Collected data
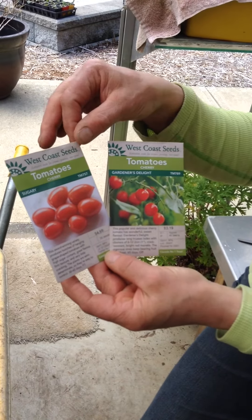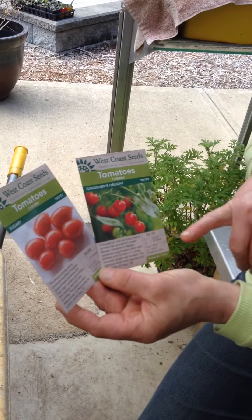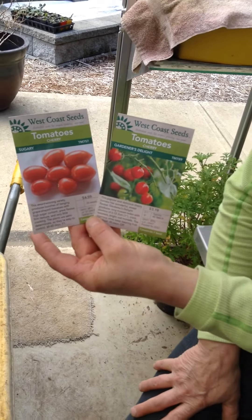The package will also tell you whether it's a vine. This one says semi-determinant, and this one says vine, so you'll know what you're buying.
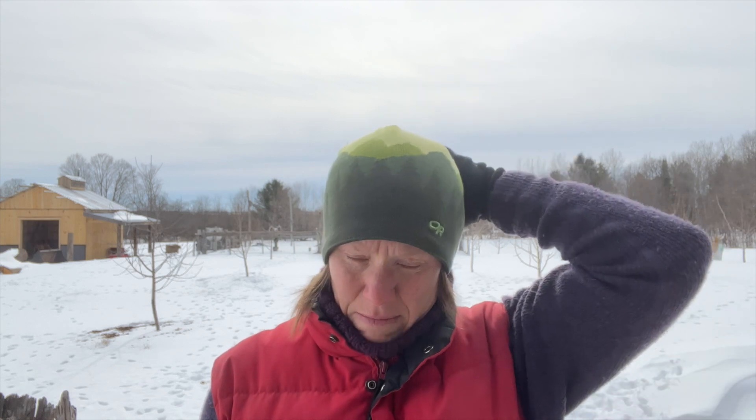Hey everybody, it is March 3rd or something like that and we have had some of the strangest weather this winter. We've been kind of on the fence about tapping our trees — do we, don't we — looking at the weather. It's to the point now where we know we're going to be really busy in the next couple of weeks and we're not going to have a lot of time to tap.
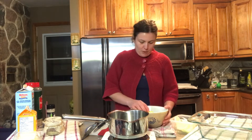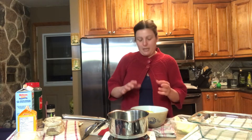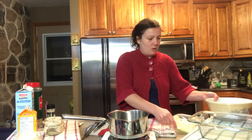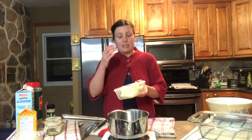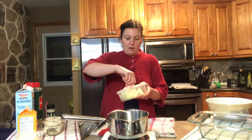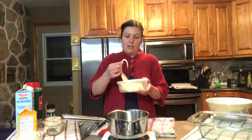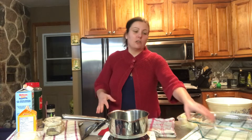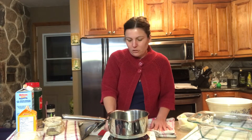Hi everyone, today I'm going to be making a classic scallop potato. I've prepared two large potatoes — washed them and sliced them into thin slices. I also peeled and sliced a large onion to the same width as the potatoes. I have all my ingredients ready. I'm going to start off by making a cream sauce and then show you how to layer the scallop potatoes.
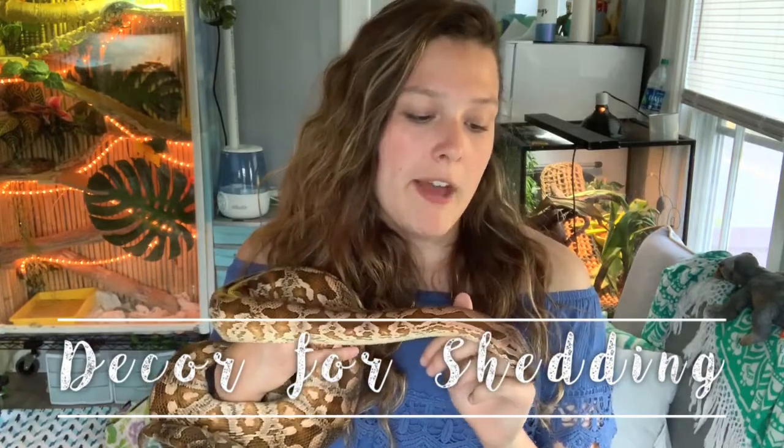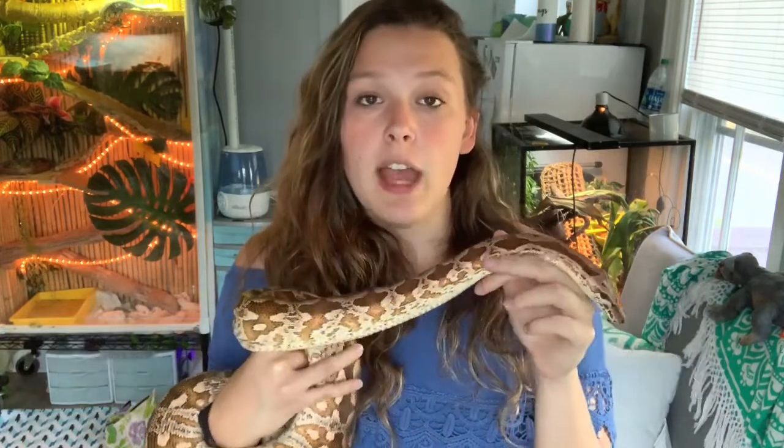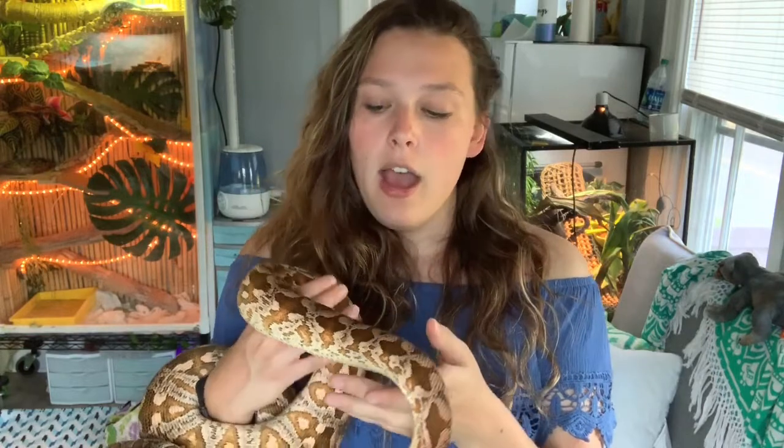Tip number five: when decorating the enclosure, it's good to put something in there that they can rub on — like a rock or some sticks — something a little rough so they can rub on it to help get their shed off. I have found this extremely helpful with some of my snakes, especially if they struggle with shedding.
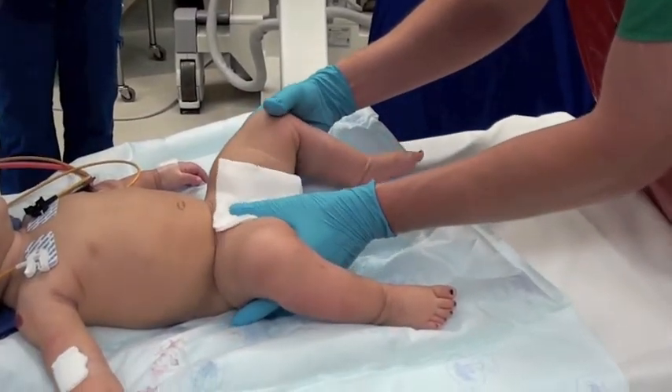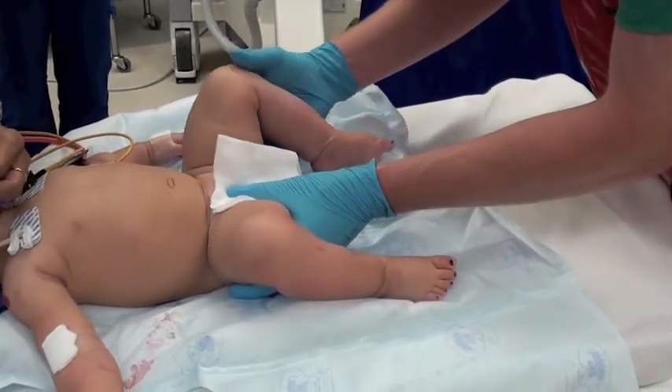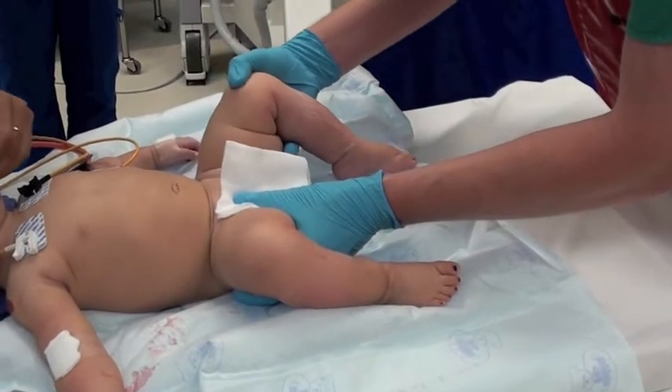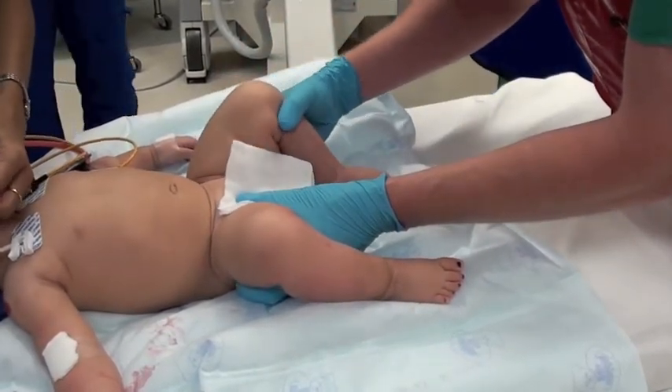This is an examination of a baby under anesthesia showing the hip reduction. Here the hip is being spread and pulled into place. It's actually very gentle and is not painful even when the child's awake.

TASK ITEM = From the first line of the records down through the line containing "Hi everyone, today", transcribe exactly those lines and no others, both ends kept, pictures dropped.

RESULT OF THE TASK =
The package will also tell you whether it's a vine. This one says semi-determinant, and this one says vine, so you'll know what you're buying.
Hey everybody, it is March 3rd or something like that and we have had some of the strangest weather this winter. We've been kind of on the fence about tapping our trees — do we, don't we — looking at the weather. It's to the point now where we know we're going to be really busy in the next couple of weeks and we're not going to have a lot of time to tap.
Hi everyone, today I'm going to be making a classic scallop potato. I've prepared two large potatoes — washed them and sliced them into thin slices. I also peeled and sliced a large onion to the same width as the potatoes. I have all my ingredients ready. I'm going to start off by making a cream sauce and then show you how to layer the scallop potatoes.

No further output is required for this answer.